## Prompt:
From the line that contains "Máy Xúc Volvo" through the line that contains "agete アガット シルバー刻印 ツイストデザイン ピアス", output every line of the listing below exactly and leave out all the rest.

● ● ● ● ●

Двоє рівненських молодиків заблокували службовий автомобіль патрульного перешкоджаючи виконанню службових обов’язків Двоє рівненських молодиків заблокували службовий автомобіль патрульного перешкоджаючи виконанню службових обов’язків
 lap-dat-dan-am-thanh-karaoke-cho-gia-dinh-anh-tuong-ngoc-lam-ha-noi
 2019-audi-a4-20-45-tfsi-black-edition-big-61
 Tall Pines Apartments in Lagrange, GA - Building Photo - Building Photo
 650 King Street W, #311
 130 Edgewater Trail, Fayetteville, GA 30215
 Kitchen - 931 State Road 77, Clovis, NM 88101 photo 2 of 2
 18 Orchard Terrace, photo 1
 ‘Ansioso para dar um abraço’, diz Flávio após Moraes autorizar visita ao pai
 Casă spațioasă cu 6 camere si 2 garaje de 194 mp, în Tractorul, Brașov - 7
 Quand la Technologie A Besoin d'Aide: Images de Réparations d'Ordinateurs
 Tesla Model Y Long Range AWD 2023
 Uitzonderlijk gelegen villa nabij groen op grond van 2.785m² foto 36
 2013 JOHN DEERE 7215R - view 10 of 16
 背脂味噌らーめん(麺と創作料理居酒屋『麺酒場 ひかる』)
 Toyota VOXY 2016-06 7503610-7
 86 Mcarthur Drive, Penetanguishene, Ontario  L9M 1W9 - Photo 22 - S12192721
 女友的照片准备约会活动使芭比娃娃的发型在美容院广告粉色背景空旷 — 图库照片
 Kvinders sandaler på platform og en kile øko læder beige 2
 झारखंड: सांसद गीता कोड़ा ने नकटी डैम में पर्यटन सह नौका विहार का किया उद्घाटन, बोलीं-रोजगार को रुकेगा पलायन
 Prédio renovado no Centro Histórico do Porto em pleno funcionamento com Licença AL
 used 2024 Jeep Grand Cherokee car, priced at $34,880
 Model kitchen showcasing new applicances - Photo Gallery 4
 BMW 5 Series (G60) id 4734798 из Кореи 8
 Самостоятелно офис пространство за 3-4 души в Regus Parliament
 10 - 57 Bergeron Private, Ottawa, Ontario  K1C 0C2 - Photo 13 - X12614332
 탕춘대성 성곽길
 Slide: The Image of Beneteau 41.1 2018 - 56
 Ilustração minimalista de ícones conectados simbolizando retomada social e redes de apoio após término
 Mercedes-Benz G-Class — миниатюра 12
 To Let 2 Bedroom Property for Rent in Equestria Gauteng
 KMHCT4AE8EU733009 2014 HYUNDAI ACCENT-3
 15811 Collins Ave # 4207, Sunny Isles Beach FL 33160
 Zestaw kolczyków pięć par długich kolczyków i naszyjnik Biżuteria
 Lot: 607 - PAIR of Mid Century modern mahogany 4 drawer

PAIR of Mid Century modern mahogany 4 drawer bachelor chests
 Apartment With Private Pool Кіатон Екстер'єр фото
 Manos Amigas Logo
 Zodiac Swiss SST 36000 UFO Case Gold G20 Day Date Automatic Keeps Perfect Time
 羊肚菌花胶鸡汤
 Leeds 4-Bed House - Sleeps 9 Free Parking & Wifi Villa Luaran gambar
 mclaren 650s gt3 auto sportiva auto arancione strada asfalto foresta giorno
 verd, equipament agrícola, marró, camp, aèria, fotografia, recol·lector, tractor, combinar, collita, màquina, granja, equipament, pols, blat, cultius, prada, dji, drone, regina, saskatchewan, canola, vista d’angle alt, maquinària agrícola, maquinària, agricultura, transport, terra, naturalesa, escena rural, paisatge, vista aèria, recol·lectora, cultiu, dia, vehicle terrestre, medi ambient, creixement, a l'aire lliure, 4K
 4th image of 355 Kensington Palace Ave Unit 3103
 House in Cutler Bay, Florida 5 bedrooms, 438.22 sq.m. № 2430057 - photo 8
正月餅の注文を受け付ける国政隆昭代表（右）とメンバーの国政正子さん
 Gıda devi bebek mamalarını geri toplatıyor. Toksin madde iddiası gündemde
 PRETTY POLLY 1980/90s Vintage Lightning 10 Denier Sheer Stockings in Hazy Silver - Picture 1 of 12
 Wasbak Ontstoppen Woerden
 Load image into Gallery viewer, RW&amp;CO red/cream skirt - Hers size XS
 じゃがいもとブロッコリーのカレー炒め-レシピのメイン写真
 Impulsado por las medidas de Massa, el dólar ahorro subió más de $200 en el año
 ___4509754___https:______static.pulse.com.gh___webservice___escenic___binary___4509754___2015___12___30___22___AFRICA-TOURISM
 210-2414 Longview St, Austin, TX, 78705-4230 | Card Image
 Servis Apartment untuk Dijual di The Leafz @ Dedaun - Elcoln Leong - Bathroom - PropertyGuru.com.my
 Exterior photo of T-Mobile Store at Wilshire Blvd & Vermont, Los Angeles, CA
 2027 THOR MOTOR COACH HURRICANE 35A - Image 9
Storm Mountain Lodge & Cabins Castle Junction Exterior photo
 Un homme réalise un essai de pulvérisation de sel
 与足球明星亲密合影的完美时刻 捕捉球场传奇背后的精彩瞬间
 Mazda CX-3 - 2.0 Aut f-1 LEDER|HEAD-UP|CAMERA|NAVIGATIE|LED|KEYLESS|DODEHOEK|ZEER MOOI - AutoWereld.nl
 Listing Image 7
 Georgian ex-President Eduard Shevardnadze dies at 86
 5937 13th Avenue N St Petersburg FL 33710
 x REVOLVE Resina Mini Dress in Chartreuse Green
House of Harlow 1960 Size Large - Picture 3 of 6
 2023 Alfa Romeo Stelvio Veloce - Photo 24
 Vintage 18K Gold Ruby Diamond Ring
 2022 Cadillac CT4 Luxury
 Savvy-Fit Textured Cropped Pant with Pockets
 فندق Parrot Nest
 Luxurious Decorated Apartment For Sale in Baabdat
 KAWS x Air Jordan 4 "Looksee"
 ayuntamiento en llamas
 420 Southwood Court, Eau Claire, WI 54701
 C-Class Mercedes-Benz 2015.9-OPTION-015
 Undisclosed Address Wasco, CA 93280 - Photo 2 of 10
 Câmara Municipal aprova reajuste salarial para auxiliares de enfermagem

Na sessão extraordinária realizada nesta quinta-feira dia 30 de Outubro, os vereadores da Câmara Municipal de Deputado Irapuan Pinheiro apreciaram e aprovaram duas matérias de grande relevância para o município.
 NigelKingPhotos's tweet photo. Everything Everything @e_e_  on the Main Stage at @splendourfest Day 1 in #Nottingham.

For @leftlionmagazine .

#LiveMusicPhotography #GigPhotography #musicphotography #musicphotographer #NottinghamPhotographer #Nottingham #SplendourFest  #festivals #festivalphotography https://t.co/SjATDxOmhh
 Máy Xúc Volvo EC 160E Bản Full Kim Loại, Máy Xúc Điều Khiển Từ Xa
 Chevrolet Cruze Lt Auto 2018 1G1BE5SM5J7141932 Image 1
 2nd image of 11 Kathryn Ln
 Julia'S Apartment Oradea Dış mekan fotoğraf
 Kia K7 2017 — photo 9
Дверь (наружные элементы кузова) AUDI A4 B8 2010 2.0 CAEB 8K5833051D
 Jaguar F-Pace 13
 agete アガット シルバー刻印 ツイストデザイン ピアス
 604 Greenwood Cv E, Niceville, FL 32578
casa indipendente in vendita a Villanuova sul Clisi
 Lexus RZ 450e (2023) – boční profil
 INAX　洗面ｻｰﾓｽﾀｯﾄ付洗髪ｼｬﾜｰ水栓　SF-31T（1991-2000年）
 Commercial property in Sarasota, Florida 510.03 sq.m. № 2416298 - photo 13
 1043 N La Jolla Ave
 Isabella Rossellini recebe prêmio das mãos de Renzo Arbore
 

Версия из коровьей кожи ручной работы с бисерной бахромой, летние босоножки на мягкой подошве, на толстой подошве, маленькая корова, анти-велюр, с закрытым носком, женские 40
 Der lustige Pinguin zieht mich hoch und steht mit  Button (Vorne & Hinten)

● ● ● ● ●

## Exercise output:
 Máy Xúc Volvo EC 160E Bản Full Kim Loại, Máy Xúc Điều Khiển Từ Xa
 Chevrolet Cruze Lt Auto 2018 1G1BE5SM5J7141932 Image 1
 2nd image of 11 Kathryn Ln
 Julia'S Apartment Oradea Dış mekan fotoğraf
 Kia K7 2017 — photo 9
Дверь (наружные элементы кузова) AUDI A4 B8 2010 2.0 CAEB 8K5833051D
 Jaguar F-Pace 13
 agete アガット シルバー刻印 ツイストデザイン ピアス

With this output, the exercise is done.